Thank you for you post and I'm sorry you're dealing with this at such a young age.

Cardiac amyloidosis ("stiff heart syndrome") occurs when amyloid deposits take the place of normal heart muscle. It is the most typical type of restrictive cardiomyopathy. Cardiac amyloidosis may affect the way electrical signals move through the heart (conduction system). This can lead to arrhythmias and conduction disturbances (heart block).

Secondary amyloidosis (AA type) rarely affects the heart. However, a form of secondary amyloidosis called senile amyloidosis involves the heart and blood vessels. Senile amyloidosis is caused by overproduction of a different protein. The condition is becoming more common as the average age of the population increases.

Your doctor may tell you to change your diet. This may include salt and fluid restrictions.

You may need to take water pills (diuretics) to help your body remove excess fluid. The doctor may tell you to weigh yourself every day. A weight gain of 3 or more pounds over 1 - 2 days can mean there is too much fluid in the body.

Digoxin, calcium channel blockers, and beta blockers may be used with caution in patients with atrial fibrillation. However, the dosage must be carefully monitored. Patients with cardiac amyloidosis may be unusually sensitive to any side effects.

Other treatments may include:


Implantable cardioverter-defibrillator (AICD)

Pacemaker, if there are problems with heart signals

Prednisone, an anti-inflammatory medicine

A heart transplant may be considered for some patients with very poor heart function. However, it is not done in those with AL type amyloidosis, because the disease weakens many other organs. People with hereditary amyloidosis will need a liver transplant.

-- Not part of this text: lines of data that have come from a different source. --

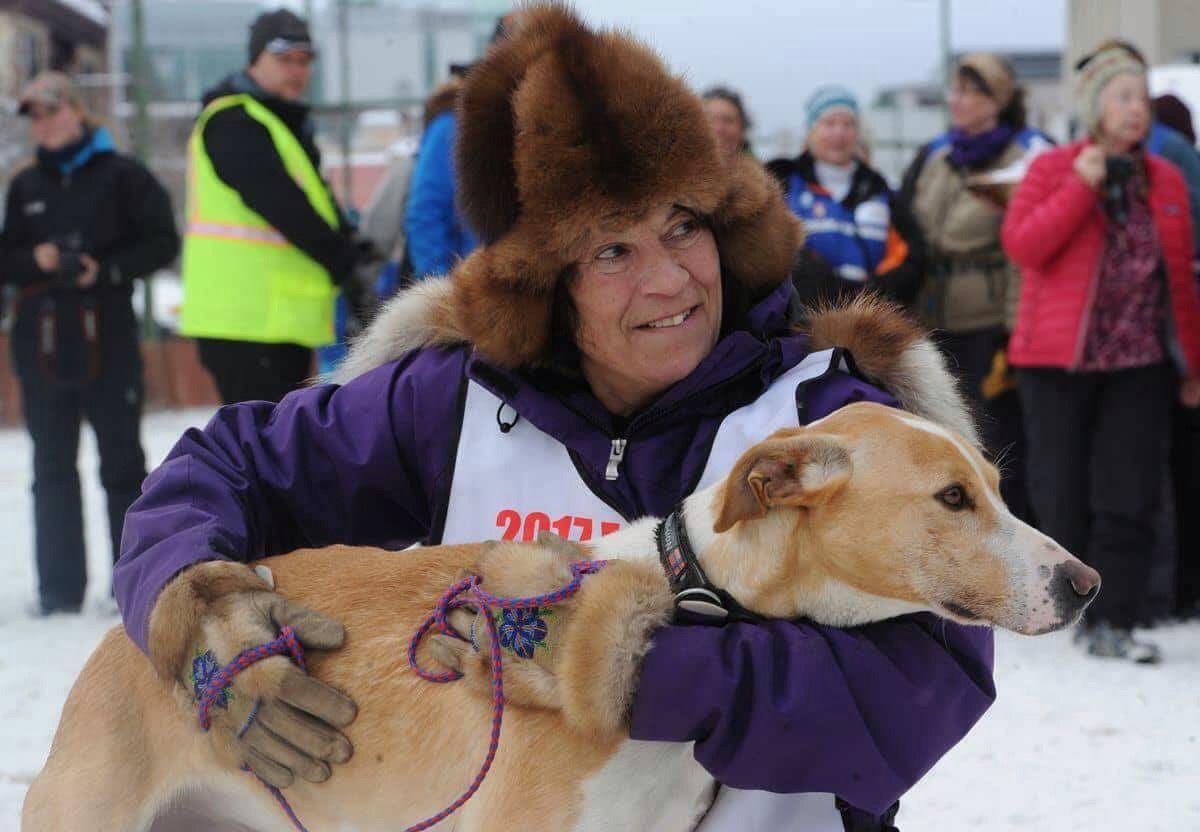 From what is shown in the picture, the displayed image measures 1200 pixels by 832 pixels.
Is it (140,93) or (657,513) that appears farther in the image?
(140,93)

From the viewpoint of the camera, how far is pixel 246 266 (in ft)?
18.6

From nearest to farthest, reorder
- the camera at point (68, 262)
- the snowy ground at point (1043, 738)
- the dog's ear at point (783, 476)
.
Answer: the dog's ear at point (783, 476), the snowy ground at point (1043, 738), the camera at point (68, 262)

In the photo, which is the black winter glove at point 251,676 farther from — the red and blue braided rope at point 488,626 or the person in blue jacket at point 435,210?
the person in blue jacket at point 435,210

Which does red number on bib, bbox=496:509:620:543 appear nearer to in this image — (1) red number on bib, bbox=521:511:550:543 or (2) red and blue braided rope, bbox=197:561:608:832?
(1) red number on bib, bbox=521:511:550:543

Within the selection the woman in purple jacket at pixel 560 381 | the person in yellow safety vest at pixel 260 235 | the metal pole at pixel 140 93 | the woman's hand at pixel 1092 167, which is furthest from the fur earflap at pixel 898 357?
the metal pole at pixel 140 93

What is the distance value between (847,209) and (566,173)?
382 centimetres

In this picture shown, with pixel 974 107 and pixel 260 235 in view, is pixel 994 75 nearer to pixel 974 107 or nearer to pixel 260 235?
pixel 974 107

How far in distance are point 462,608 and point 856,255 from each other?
13.5ft

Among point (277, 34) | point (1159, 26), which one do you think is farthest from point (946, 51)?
point (277, 34)

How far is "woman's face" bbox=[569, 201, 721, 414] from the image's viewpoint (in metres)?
2.58

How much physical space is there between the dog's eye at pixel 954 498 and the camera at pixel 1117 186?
3.53 meters

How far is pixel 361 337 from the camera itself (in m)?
3.10

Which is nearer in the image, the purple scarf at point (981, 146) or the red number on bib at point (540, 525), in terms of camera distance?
the red number on bib at point (540, 525)

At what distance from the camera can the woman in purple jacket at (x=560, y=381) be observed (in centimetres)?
248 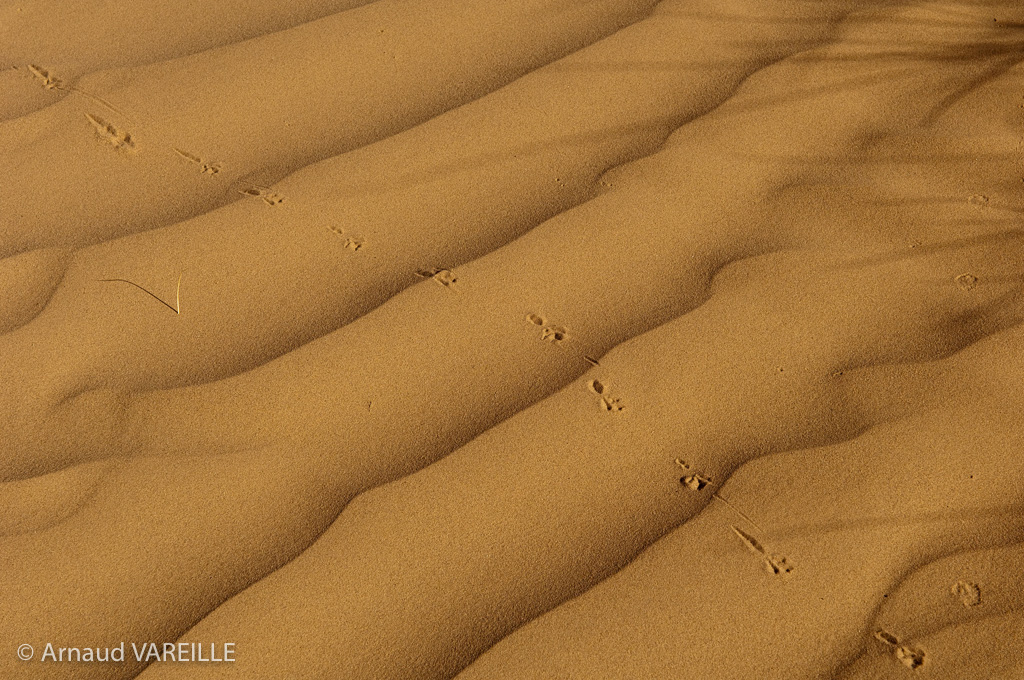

Life expectancies vary but Anon, you need to get a hold of that doctor and have a meeting to discuss things thoroughly as soon as possible. Make sure someone is with you taking notes because this is a stressful time - you won't remember half of what you hear.

Will you please keep us posted? We are here for you anytime you need to talk.


June 10, 2016 - 5:36am
(reply to Susan Cody)

Thank you. What you responded with is exactly what I have found about this condition. I'm very afraid as I have read what the average life expectancy is...a little over a year. I seriously hope that was a old article and that they're are some better treatment options. I can't leave this world so soon. I can't leave my girls. My little one will absolutely be devastated. I'm all they have.